Lessons Learned by Gardening, About Gardening

“What did you learn?” you ask. Well:

  1. Hiring someone to put in your lawn is worth it if you need more than 3 pallets of sod. We installed 1 pallet ourselves. Then we hired someone to put in the other 11.
  2. Yes, in central Texas any lawn will need to be watered. It doesn’t rain nearly enough to keep any lawn grass alive. No matter if they tell you it’s “miracle grass”.
  3. Putting in a sprinkler system is mandatory (see #1). Putting in a sprinkler system in BEFORE you lay the sod is preferable. Otherwise you end up with a Frankenyard.
  4. When you build a house, make sure you monitor how and where the builder disposes of excess materials, ie: rock/brick, framing lumber, concrete, stucco, etc.
    • Digging a hole and burying the lumber creates a sink hole a year later, after the lumber rots away. One can break one’s ankle if one isn’t careful. (fortunately, it was just a sprang).
    • Pouring it on the ground and putting soil over it makes gardening a pain in the ass – if not impossible. Hacking through 4 inches of concrete in order to plant a red yucca was a feat of herculean effort. (Who did that? This girl!)
    • Stones that don’t fit, aren’t the right color, or are otherwise unusable shouldn’t be thrown in the yard and covered with soil.
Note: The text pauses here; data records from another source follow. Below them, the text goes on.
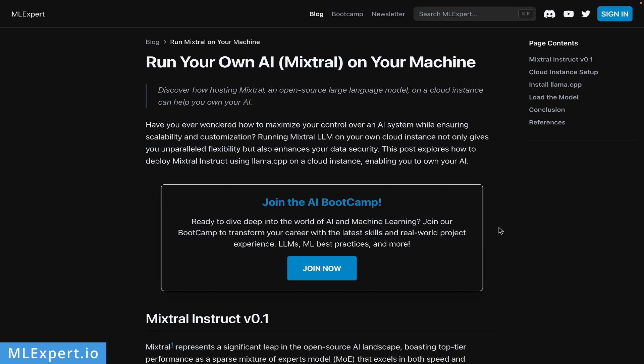Hey everyone, my name is Valentin and in this video we're going to look at how you can deploy Mixtral Instruct on your own cloud instance. We're going to be using the Llama.cpp format GGUF from TheBloke and I'm going to show you how you can deploy the model.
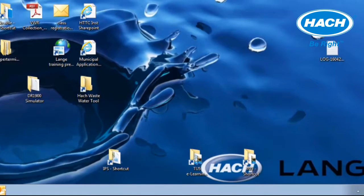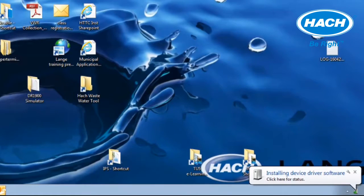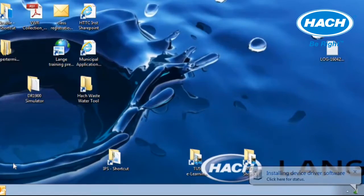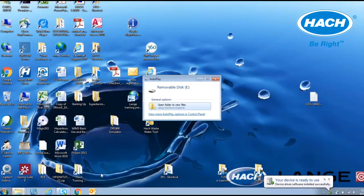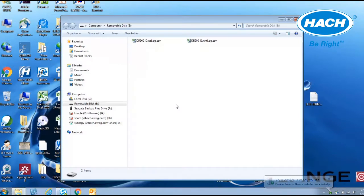If this is the first time the meter is connected to this PC, it will indicate that it is installing device driver software and then will notify that the installation was complete and ready to use. The PC will show a removable disk and a drive with the prompt to open folder to view files. If this prompt was not visible, then the drive can be located under My Computer.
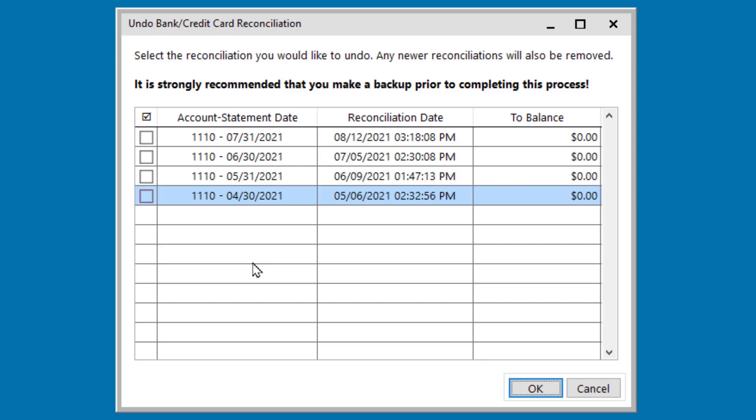Clicking that brings up a list of all of the completed reconciliations that are on file. This list should go back to the version 11 era, which is like 2009 if your data goes back that far. So if you're upgrading to version 14 from 11 or higher, then all of those completed reconciliations will be in the list here to choose from.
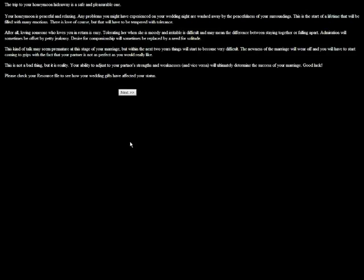That is one of the most true things I've ever read in a game. I mean it's so easy to be like you're married and in love and everything is happy, but let's be honest, when any two people cohabitate, there are days where you're just not your best and you just have to have people who are tolerant of you and vice versa. After all, loving someone who loves you in return is easy. Tolerating her when she is moody, irritable, and difficult may mean the difference between staying together or falling apart. Admiration will sometimes be offset by petty jealousy. Desire for companionship will sometimes be replaced by a need for solitude. This kind of talk may seem premature at this stage of your marriage, but within the next few years things will start to become very difficult. The newness of marriage will wear off and you'll have to start coming to grips with the fact that your partner is not as perfect as you would really like. It's not a bad thing, but it's a reality. Your ability to adjust to your partner's strengths and weaknesses, and vice versa, will ultimately determine the success of your marriage. Good luck, thank you. Please check your resource file to see how your wedding gifts have affected your new status. Okay. Where are the wedding gifts? I'm married, I see that.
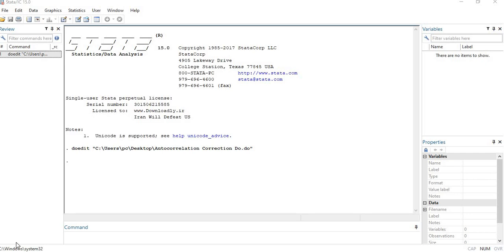In this video I am going to show you how we can correct the autocorrelation issue in our model. In the previous video I showed you the detection method, but now I will show you how to fix this issue. It is a violation of regression assumptions and very important to fix, because if it is not fixed our results will not be a true picture of our model, and the error terms will highly fluctuate and disturb our model's results.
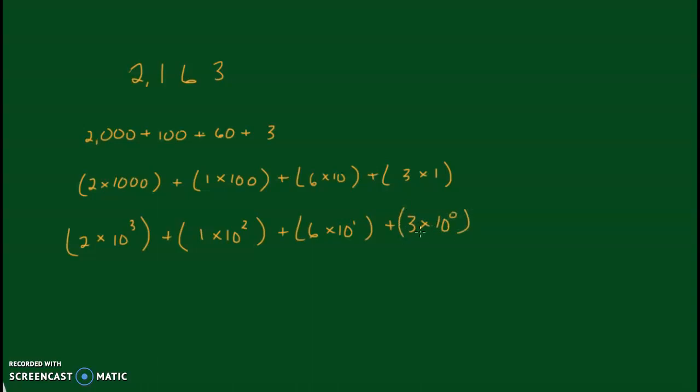And those are the three different ways you can use expanded form. If you have any questions, make sure you ask your teacher. And we'll see you in the next video.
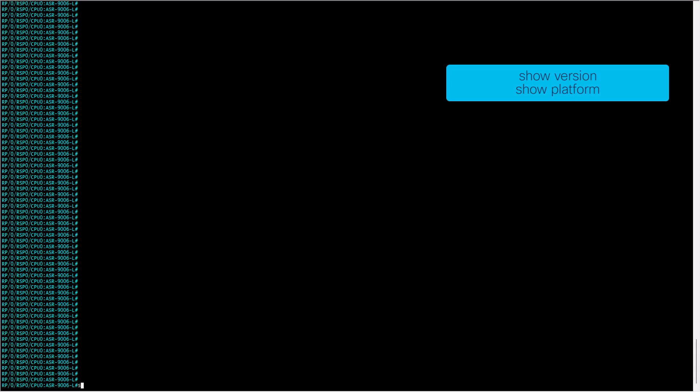This demonstration is being performed in an ASR9006 with software version IOS XR 7.3.2. You can check the version and the platform with these commands.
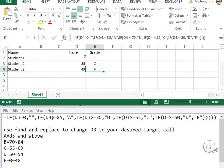So if D3 is now greater than or equal to 85, replaced to whatever value you want, then, and we're having to use a letter, so we're putting it in within quotation marks, give it an A.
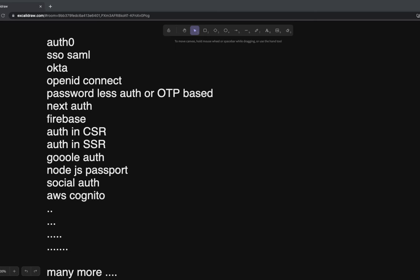Hi everyone, welcome back. In the last video we did simple authentication using Google as part of the Uber clone series. Now we're talking about social authentication using Google, Firebase, Twitter, Instagram, or GitHub. This video focuses specifically on authentication because these days there are many solutions available and developers often get confused about what to choose and what not to choose.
I am FOREVER digging up stones (some the size of a meatloaf!). Trying to use a shovel can be harrowing.
  5. Starting with a completely untamed land, you will NEVER get rid of weeds completely unless you use total grass-killer, a la Roundup. I don’t want to use it widely. Therefore, I have to be ok with “OK”.
  6. Poison ivy and poison oak suck. I can recognize poison ivy, I think. I don’t think I can recognize poison oak, but I’m not sure. Both of these situations make for a dangerous gardening experience when you have a shit-ton of grapevines to get rid of – which, btw, look a little like poison ivy… or is that poison oak. Oh, and, you’ll never, EVER get rid of the grapevines.

    Cool SPF 50+ shirt

  7. Don’t buy more plants than you can get in the ground in one day. For me I’ve decided that number is 4. First, it takes longer than you think to get a plant in the ground properly. First, you might have to be hacking through cement (see 4.a. above) or digging up hunks of Paloma Chop sandstone. You WILL have native vegetation – poisonous and non – to clear out. You’ll also have to add some real soil to the sand they call soil here. All of this takes time. If you buy more than 4 plants, you’ll have to keep the rest of the plants alive (in 100+ degree weather).
  8. Weeding is therapeutic. I actually enjoy weeding, up until the point when my hands cramp and feel as if they’re going to fall off. I can even open jars and bottles by myself after a couple of hours and a couple of Advil.
  9. The miracle of the SPF 50+ cool shirt! Love, LOVE them!! Beats having to slather on the sunscreen only to be caked with all the dirt that it collects. Sunscreen on the face and neck is still mandatory but combined with a cute hat you’ll keep your “I can’t believe you’re over 60!” skin looking good a bit longer.

Bottom Line

I could go on, but I’ll save it for another post – and I’m sure you get the drift. I learn something every time I work in the yard. Please share your tips with me. I’d like to learn my lessons the smart way from now on – by listening to others who have gone before.

Bottom line; Gardening ain’t for no sissies.